JOHN KONO TYE SMITH, et al. Appellants, v. REPUBLIC OF LIBERIA, Appellee.
APPEAL FROM THE CIRCUIT COURT FOR THE FOURTH JUDICIAL CIRCUIT, MARYLAND COUNTY.
Heard: October 22, 1979. Decided: December 20, 1979.
- Where the evidence produced by the prosecution is flimsy and unconvincing, the judgment entered upon the verdict which was not supported by the evidence must be reversed.
A child was kidnaped and murdered in the village, and the appellants, defendants in the trial court were arrested, tried and a verdict of guilty brought against them. However, the trial judge granted a motion for new trial. At the second trial, no evidence was produced to convict any of the defendants of the homicide with which they were charged; yet, the jury returned a verdict of guilty. On appeal, the Supreme Court reversed the judgment entered on the verdict and ruled that a verdict of guilty based on flimsy and unconvincing evidence must be reversed.

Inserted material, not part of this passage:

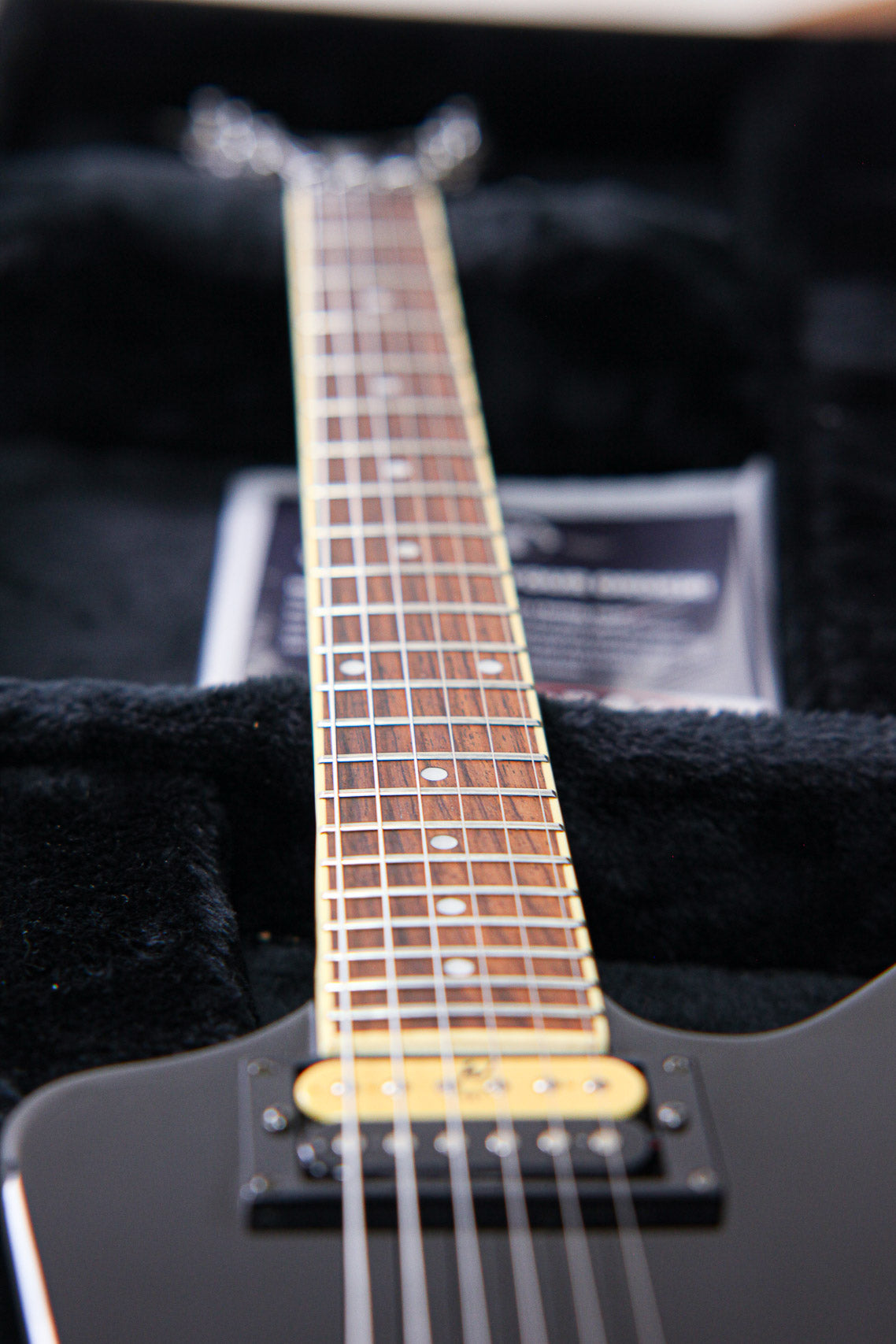 Washburn Dimebag Darrell 333 Blackjack | Black – GitaarBarbaar B.V.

The appellants were therefore ordered discharged.
Wellington K. Neufville appeared for the appellants. M. Fulton W. Yancy, Jr. and E. Winfred Smallwood of the Ministry of Justice appeared for the appellee.
MR. JUSTICE TULAY delivered the opinion of the Court.
Count six of the indictment on which appellants herein, defendants in the trial court, were tried reads thus:
“That John Kono Tye Smith, Konde Nimely Smith, Gbleh alias Bassaman, and Puanyene, defendants, and murderers of decedent, Darbeh Blanyonde, the two and a half year old child, then and there feloniously, wilfully and unlawfully with malice aforethought and with premeditation and deliberation, did kill and murder Darbeh Blanyonde, now deceased, and from her human body extracted several parts as stated in this indictment, and she died a fatal and cruel death from the hands of the defendants herein, thereby committing the crime of murder, contrary to the statute laws of the Republic of Liberia in such cases made and provided, and against the peace and dignity of the state.”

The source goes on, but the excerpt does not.